Bei einem Spaziergang im Zentrum kommt man automatisch an diesen Kirchenkomplex vorbei. Es ist wie eine kleine Insel des Friedens und des Geistes im pulsierenden Herzen einer modernen, weltlichen Großstadt. Die Kirche der Santo Sepolcro (heiligen Grab) steht an der Stelle eines Isis-Heiligtumes und macht einen paleochristianischen Eindruck, dunkel, die einfache Reliefs und die zwölf Säulen, die in den Stein gehauene langobardische Verzierungen sind mit der Zeit glatt und glänzend geworden.
Die Kirche, wie ein Tempel, hat einen runden Umriss und in ihrer Mitte war der heilige Petronius begraben (heute in dem Dom), über sein Grab erhebt sich eine kleine Wendeltreppe, mit einer Kanzel auf der Spitze. Leider kann man nicht hinaufsteigen, aber die Kanzel ist in natürlicher Weise beleuchtet, wie eine Bühne, von dem durch die romanischen, zweibögigen Fenstern einströmenden Sonnenschein.
Die Predigte von der Stelle können sehr suggestiv gewirkt haben. Ich stelle mir vor, wie die Kirche eine Woche im Jahr geöffnet, und in dieser Periode von den Gläubigern überfüllt war, um den Heiligen zu verehren. Die schwangere Frauen gingen 33 Mal um das Grab, für die 33 Jahren des Erlösers und bei jeder Runde hielten sie am Grab, um zu beten. Wie eine sanfte Meditationsmusik hört sich das Laufen einer kleinen Quelle in der Kirche, was von Epoche zur Epoche ihre Bedeutung geändert hatte, lag aber zugrunde der Heiligkeit des Platzes. In heidnischen Zeiten war die heilige Quelle von Isis, ihr Tempel konnte nur über eine Wasserquelle errichtet werden, heute symbolisiert sie den Fluss Jordan.
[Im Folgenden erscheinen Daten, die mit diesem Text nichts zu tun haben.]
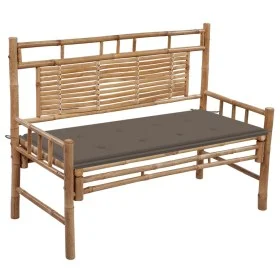 Banco de jardín con cojín bambú 120 cm de , Bancos de jardín - Ref: Foro24-3063884, Precio: 134,41 €, Descuento: %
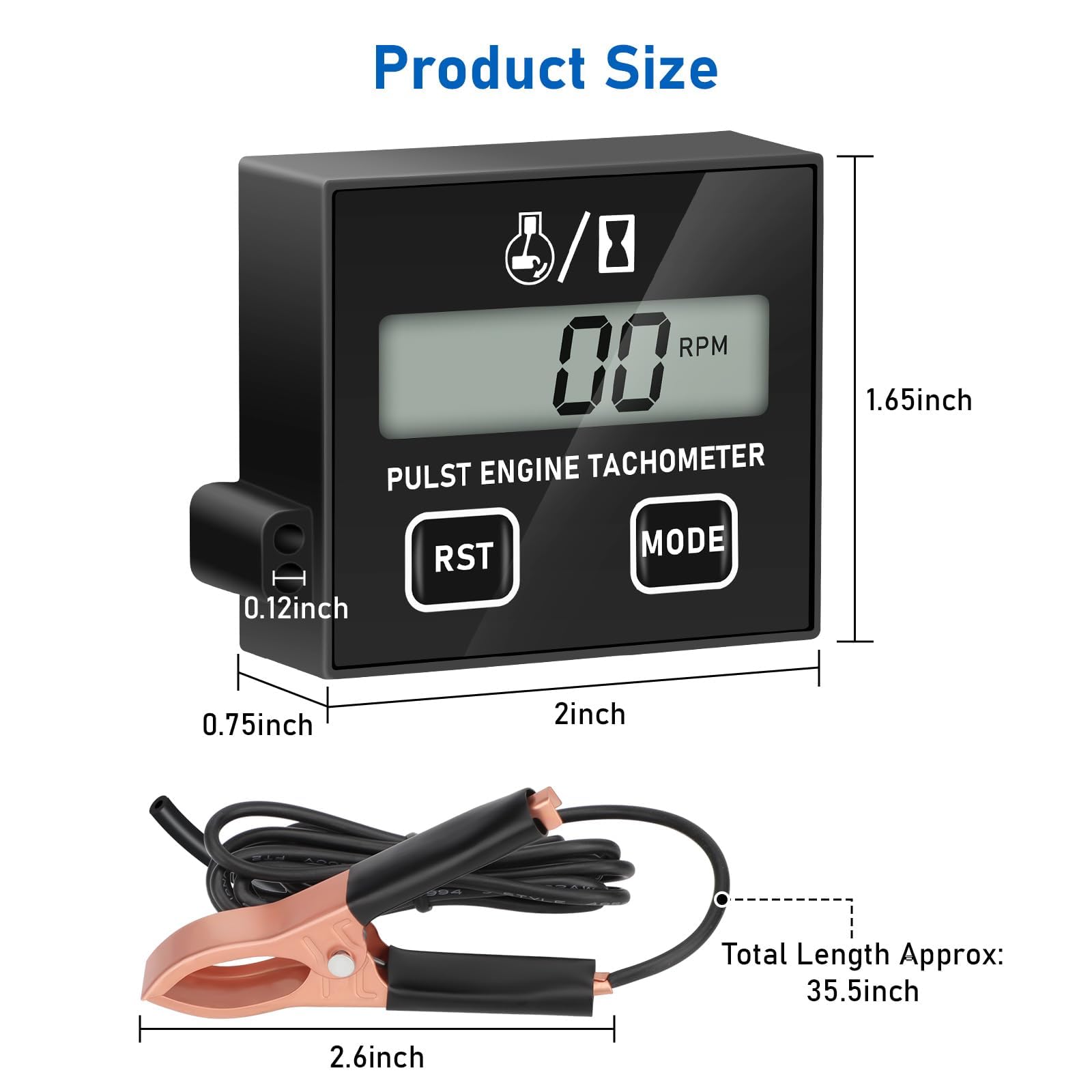 Linkstyle digital tachometer display with clear RPM readouts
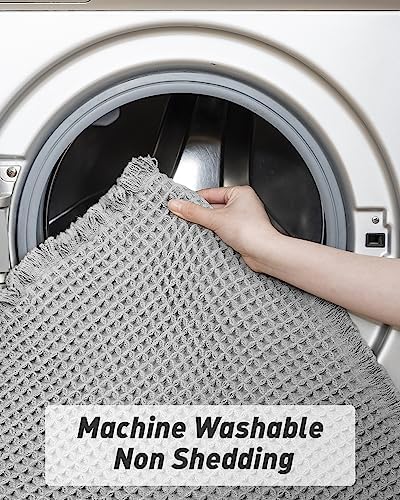 AMOAMI Light Grey, Quick Dry Washable Bathroom Rugs, Extra Soft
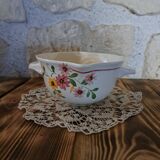 Round gravy boat with 2 handles in Sarreguemines earthenware, Anita decor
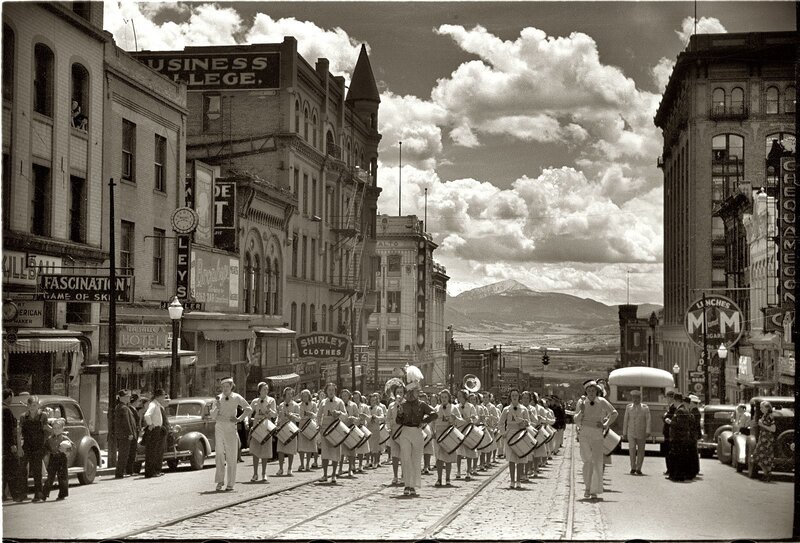 Marching band in downtown street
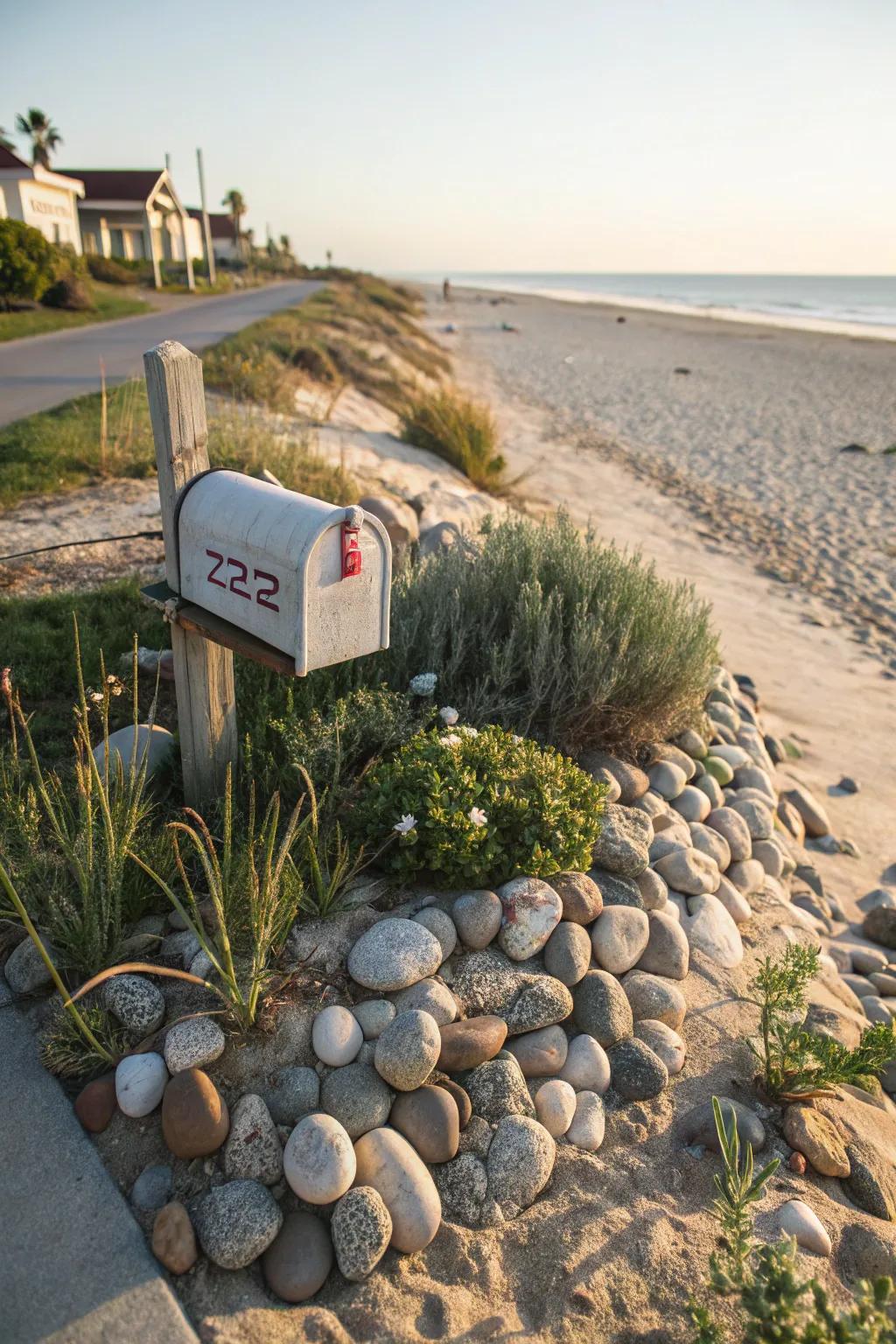 Shoreline gravel lends a shoreline vibe to your landscape.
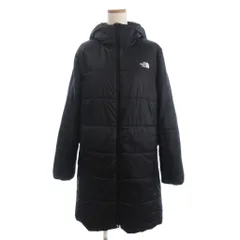 ザノースフェイス THE NORTH FACE リバーシブルロングジャケット フルジップ 中綿 ロゴ フーディ ナイロン NYW82380 黒 ブラック XL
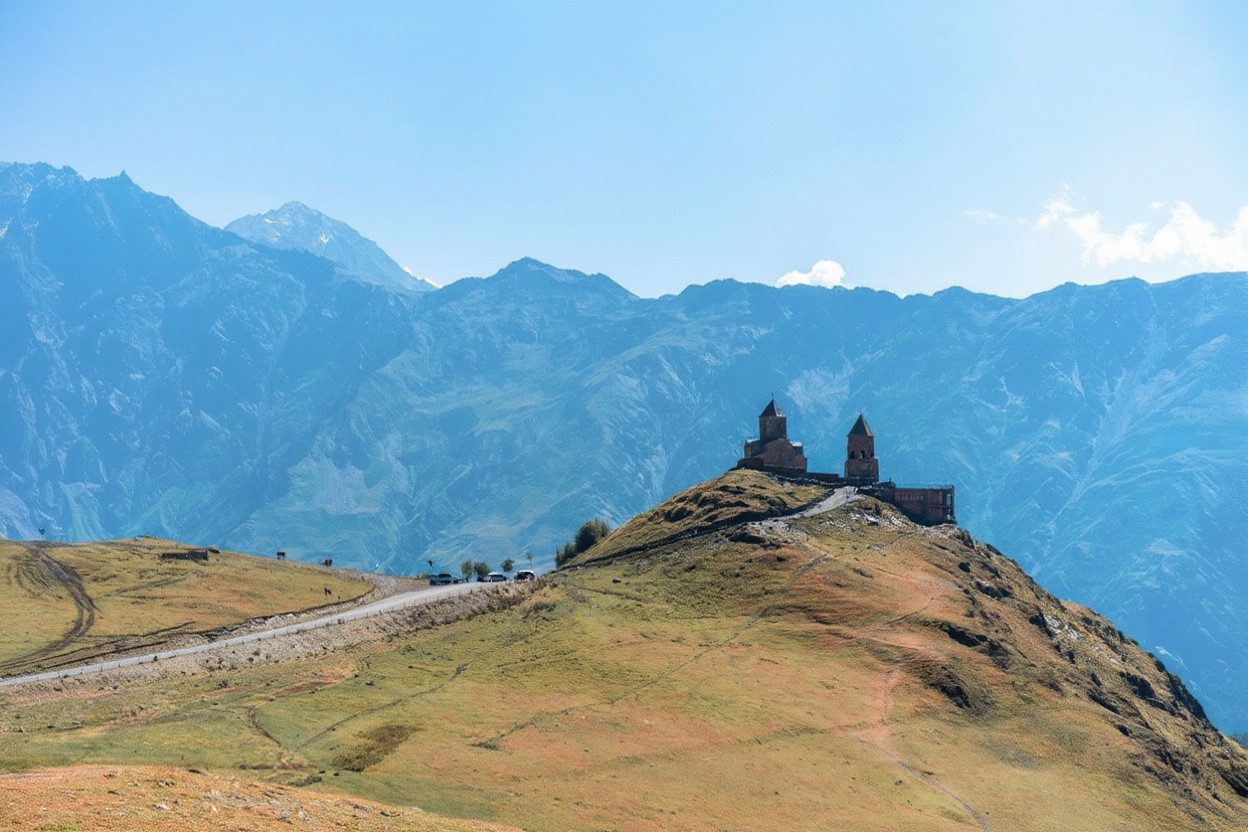 Gergeti Trinity Church at dawn — 45 minutes from Kazbegi, worth every step, bring water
Von der Grabkirche komme ich in den Hof von Pilatus, es ist wie ein römisches Atrium, mit ein Kalksteinbecken auf einem Sockel, aus der langobardischen Zeit, was aber gleich zu dem sein sollte, wo Pilatus seine Hände gewaschen hatte. Nach einer langsamen Runde bei den Grabmälern im Kreuzgang verlasse ich den Hof und kehre ins moderne, rennende Stadtzentrum zurück.